▶ _TRY IT_: Between the line containing "Rouge, LA 70811" and the line containing "Used 2017 Nissan Titan SV AWD/4WD image 6" lies a run of lines; give that run again exactly, with both of those lines, and nothing else from the entries below.

▶ _INFORMATION PROVIDED_:

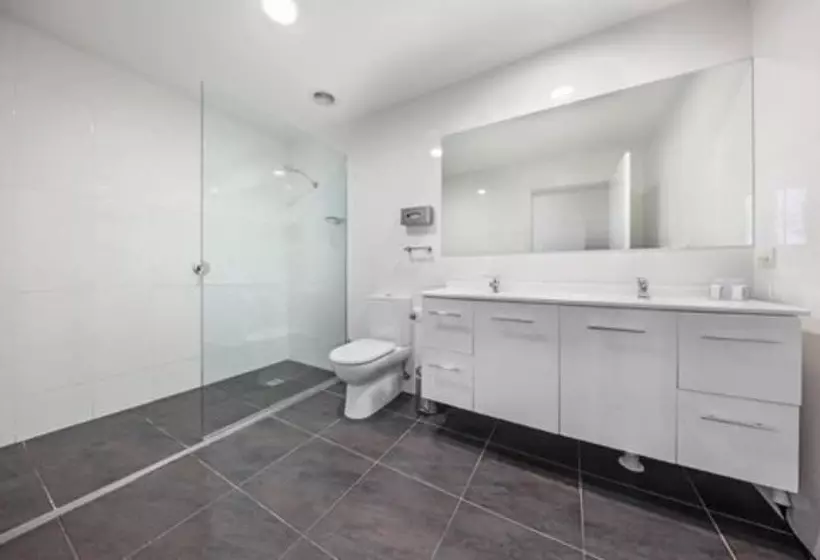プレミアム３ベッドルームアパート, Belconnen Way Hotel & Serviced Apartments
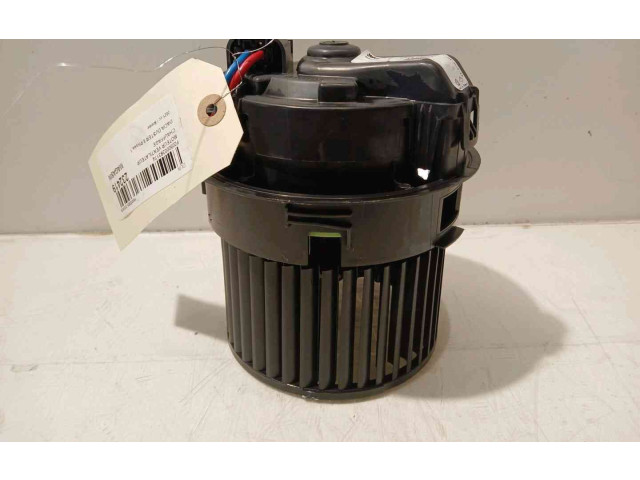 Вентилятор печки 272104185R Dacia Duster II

==

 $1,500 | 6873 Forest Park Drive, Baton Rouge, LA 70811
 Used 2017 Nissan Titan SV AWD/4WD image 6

▶ _RESULT OF THIS TASK_:
 $1,500 | 6873 Forest Park Drive, Baton Rouge, LA 70811
 Used 2017 Nissan Titan SV AWD/4WD image 6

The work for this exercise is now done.